Fortnite's Playground Mode Disaster: Here's What Went Wrong
Fortnite's recent Playground mode was one of the most popular limited-time modes ever introduced for the game. It was so popular, in fact, that its launch brought Fortnite's matchmaking servers to their knees, sending the game into emergency maintenance shortly thereafter. It was a few days later that Playground mode returned to Fortnite, and now Epic has delivered an update on just went wrong with that launch.In a postmortem published to Epic's website last night, the company explains why, exactly, Playground mode brought Fortnite's matchmaking down, which came as a surprise to many. After all, Fortnite is one of the most popular games in the world, so obviously Epic's servers are prepared to handle a large number of players, right? As it turns out, Fortnite actually had the server capacity to handle all of the people looking to create Playground matches – where it failed was in the matchmaking service itself.
Epic explains that Fortnite's matchmaking service (MMS) relies on nodes that put players in open servers that match their requested regions.

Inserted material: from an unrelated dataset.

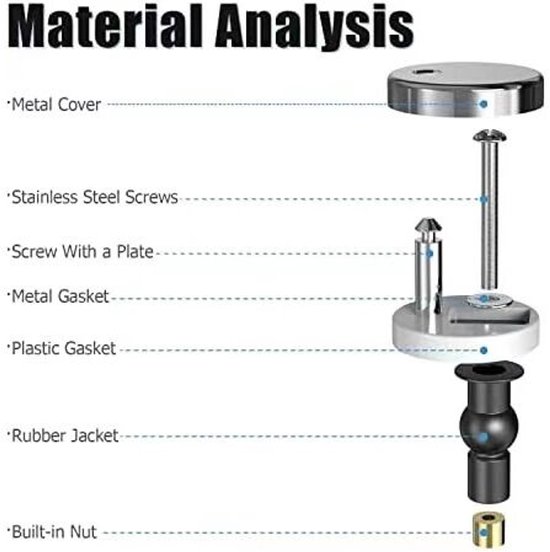 Materiaal analyse van een toiletbril scharnier: metalen deksel, RVS schroef, schroefplaat, metalen en plastic ring, rubberen huls en moer.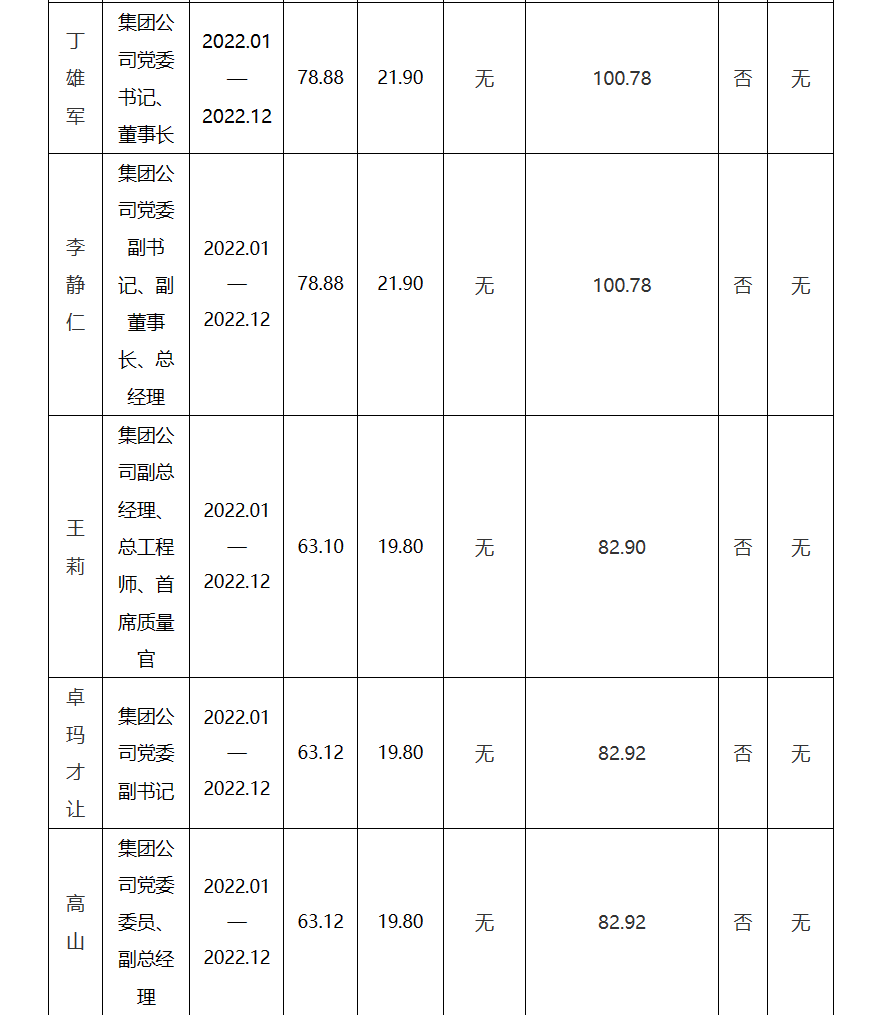 茅台集团公示高层年薪_茅台公司高管_茅台集团公布高管薪酬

Given Fortnite's battle royale formula, each server can typically hold 100 players, but Playground mode was limited to just four at a time, meaning that 25 to 100 times as many matches are being created specifically for Playground mode. That, by extension, meant that each node now had to manage a server list that was 15 times longer than it normally would be, increasing compute times dramatically.

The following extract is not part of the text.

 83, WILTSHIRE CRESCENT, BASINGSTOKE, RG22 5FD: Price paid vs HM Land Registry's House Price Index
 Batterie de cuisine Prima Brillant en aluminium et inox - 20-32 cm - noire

The nodes essentially became overwhelmed searching these longer-than-usual server lists for somewhere to place queuing players, eventually looking for free servers on lists that belonged to other nodes. That was enough to create a backlog of queue requests, which Epic says resulted in "a feedback loop that eventually caused the system to grind to a halt."

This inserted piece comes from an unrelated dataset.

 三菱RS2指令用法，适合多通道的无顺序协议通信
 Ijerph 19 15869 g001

To fix the problem, Epic says that it split Playground matchmaking into its own service cluster so that its problems wouldn't affect matchmaking for other modes. From there, Epic says that "the solution was to give the cluster the ability to bulk rebalance sessions from other nodes to ensure repeated lookups were not necessary." Epic had to spend a lot of time testing this solution in cycles that took several hours to complete each time, but it says that testing ensured Playground mode – or any of Fortnite's various modes, for that matter – would be able to handle a rush of players in the future.
In the end, Epic says that this was a "solid reminder that complex distributed systems fail in unpredictable ways." The good news is that the work Epic had to do to bring Playground mode back online will continue to benefit the game as it grows further, and the hope is that we won't see another failure like this again. Epic's write up gives an excellent (and rare) behind-the-scenes look at some of the problems that can plague developers, so be sure to give the entire thing a read if you've got a few spare moments.